Java stream Concept

Source: Internet
Author: User

The concept of stream in Java has been confusing for a long time. The following is an excerpt from the Internet:

 

 

At the beginning, I was confused about the concept of stream. After a long time, I finally understood it. After a long time, I was confused. Now I will make a summary and share it with you.

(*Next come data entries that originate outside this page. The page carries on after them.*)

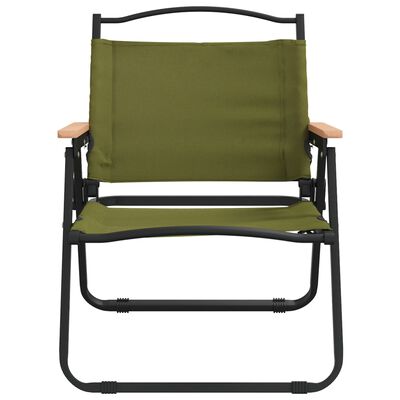 vidaXL kempinga krēsli, 2 gab., 54x43x59 cm, Oksfordas audums, zaļi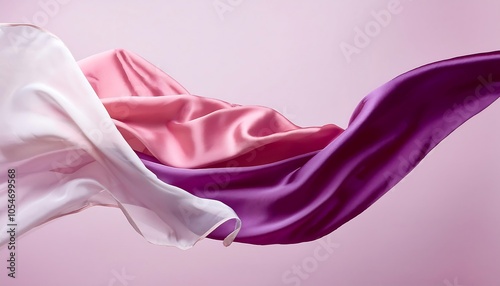 Beautiful silk pastel pink violet white cloth floating flying in the air. Mock up template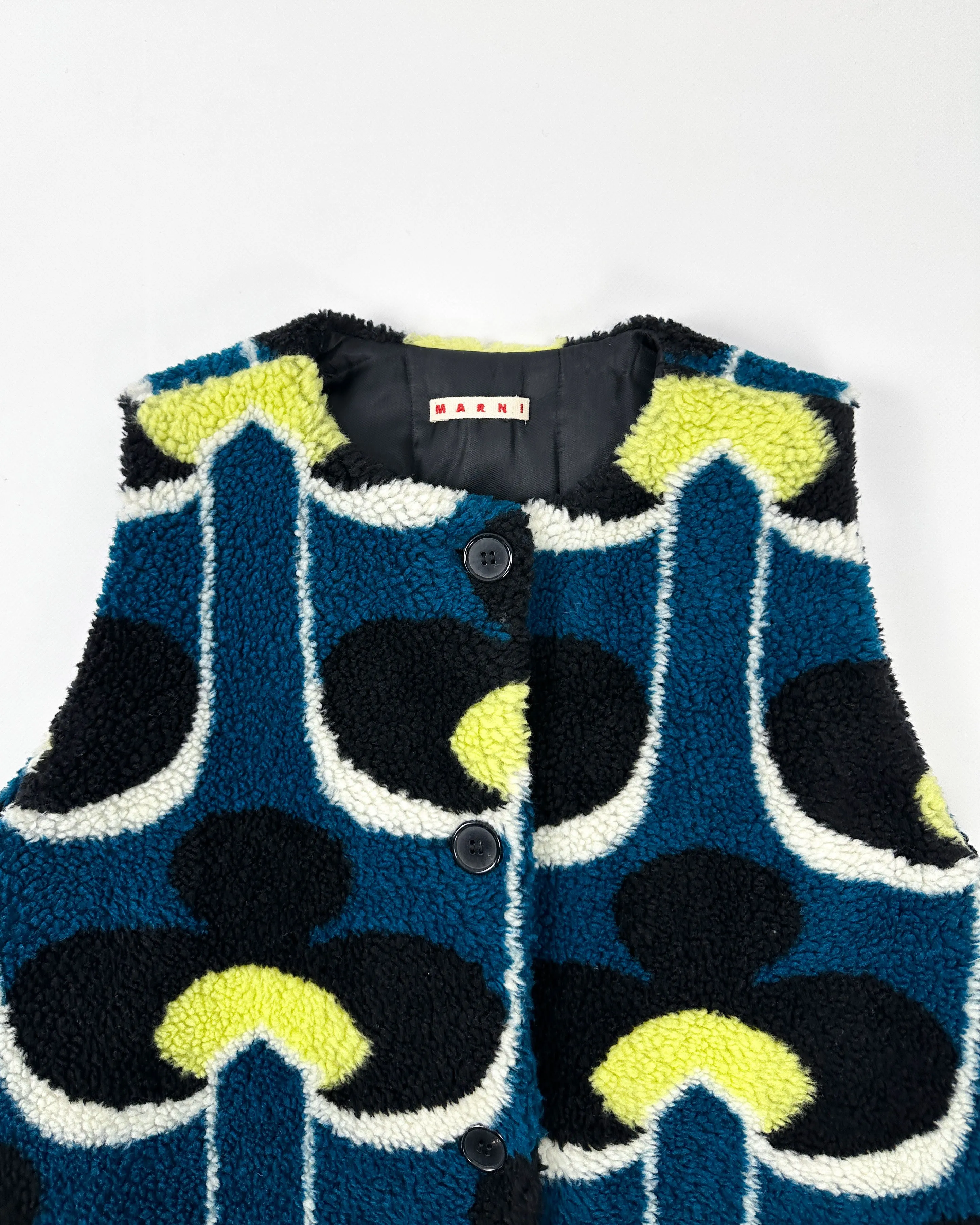 Marni Sleeveless Patterned Fleece Long Coat 2018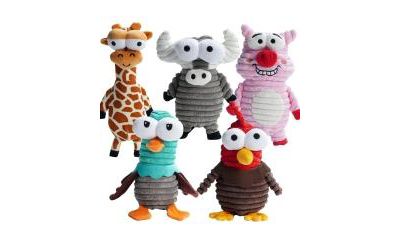Nocciola 5 PCS Entire Barnyard Dog Toys with Squeaky Sounds,Christmas gift,Durable and Stimulating Plush Toys for Small to Large Dogs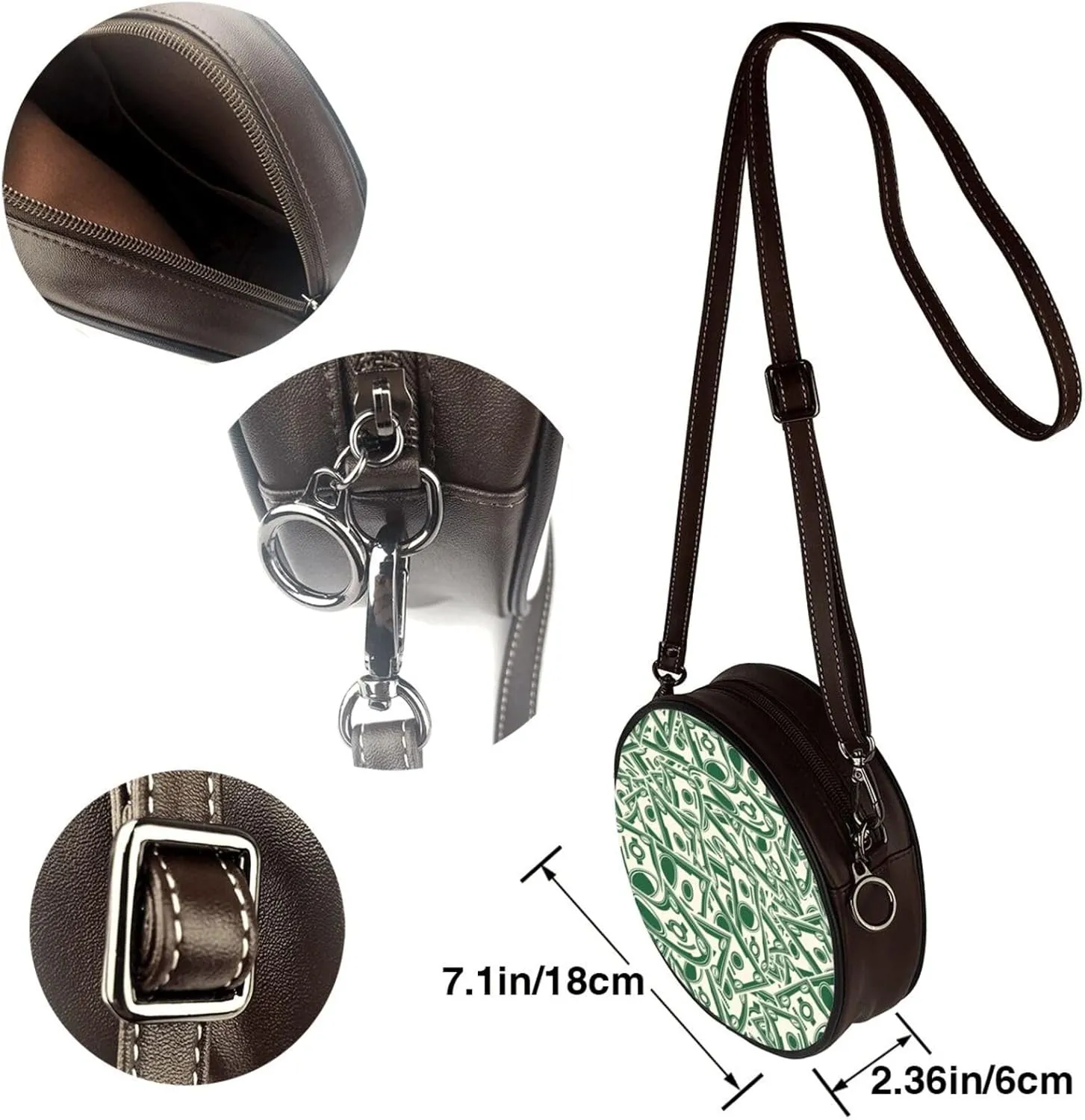 Round Crossbody Wallet, Fashion Circle Crossbody Purse Clutch Handbag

1. Java streams include inputstream and outputstream;

2. The concept of stream originates from the concept of pipe in UNIX. In UNIX, a media transcoding queue is an uninterrupted byte stream.ProgramOr inter-process communication, or reading and writing peripheral devices and external files;

3. the stream in Java is simply a byte. It can be seen as something formed by the convergence of many bytes. It is called a stream, just like water drops forming a river, huh, huh, my personal explanation;

4. A stream must have two parts: Data and byte. data can be some areas of computer memory, it can also be a disk file or even a URL on the Internet; bytes do not need to be bytes;

5. the source and destination ends of a stream can be viewed as producers and consumers of bytes. The data is changed from data to bytes, which are production bytes and production streams. The data is restored from bytes to Data, is to read byte, consumption stream;

6. The stream direction is very important. Based on the stream direction, the stream can be divided into two types: input stream and output stream. Stream direction is the most difficult to understand and the easiest to confuse

Source:Http://www.blogjava.net/myfly/archive/2008/08/28/225275.html

 

 

The following are official documents from Oracle:

I/O streams

AnI/O StreamRepresents an input source or an output destination. A stream can represent specify different kinds of sources and destinations, including disk files, devices, other programs, and memory arrays.

Streams support parse different kinds of data, including simple bytes, primitive data types, localized characters, and objects. Some streams simply pass on data; others manipulate and transform the data in useful ways.

No matter how they work internally, all streams present the same simple model to programs that use them: a stream is a sequence of data. A program usesInput streamTo read data from a source, one item at a time:

 

Reading information into a program.

A program usesOutput streamTo write data to a destination, one item at time:

 

Writing information from a program.

In this lesson, we'll see streams that can handle all kinds of data, from primitive values to advanced objects.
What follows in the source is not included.